**INPUT DATA:**
^^^^
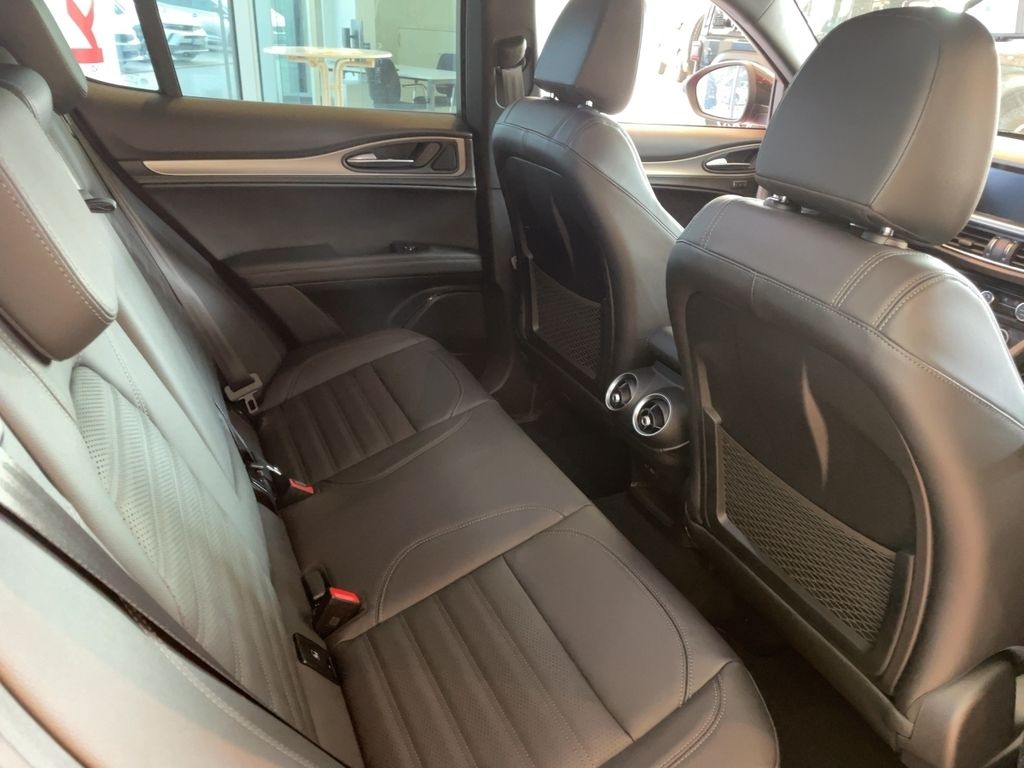 Alfa Romeo Stelvio 2025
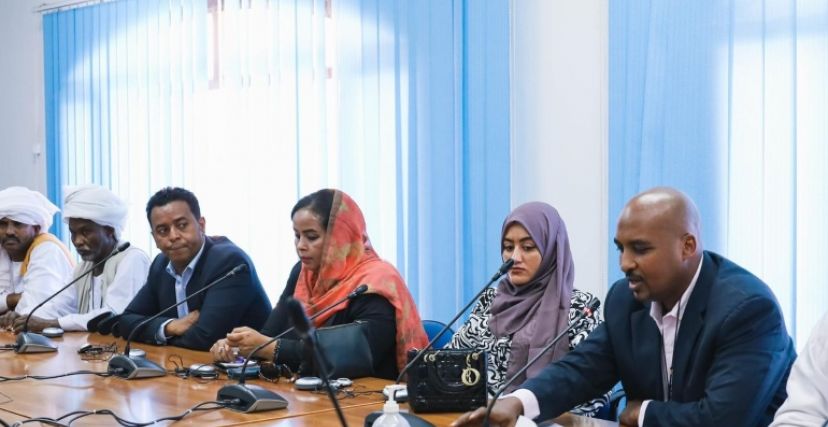 قيادات تحالف القوى المدنية بشرق السودان في اجتماع مع الآلية الثلاثية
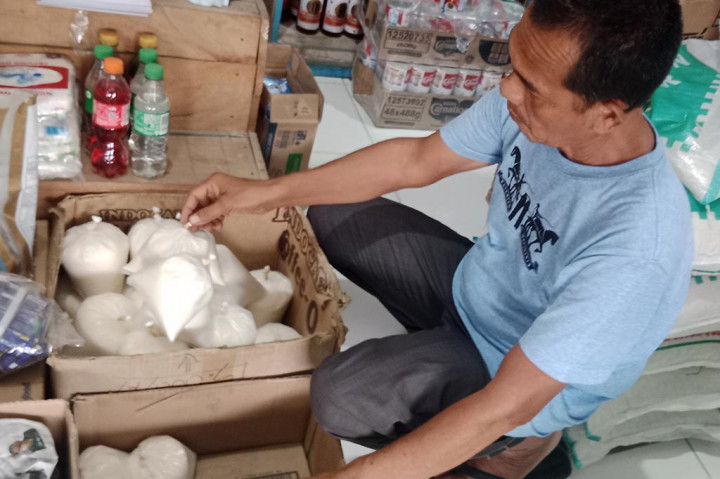 Warga di kawasan Provinsi Aceh kini semakin resah. Pasalnya belum pulih dari kenaikan harga beras yang luar biasa, kini dihantui lagi oleh meroketnya harga gula pasir.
^^^^
**WORK INSTRUCTION:**
Exclude images. Return the data above verbatim.

**OUTPUT FOR THIS EXERCISE:**
 Alfa Romeo Stelvio 2025
 قيادات تحالف القوى المدنية بشرق السودان في اجتماع مع الآلية الثلاثية
 Warga di kawasan Provinsi Aceh kini semakin resah. Pasalnya belum pulih dari kenaikan harga beras yang luar biasa, kini dihantui lagi oleh meroketnya harga gula pasir.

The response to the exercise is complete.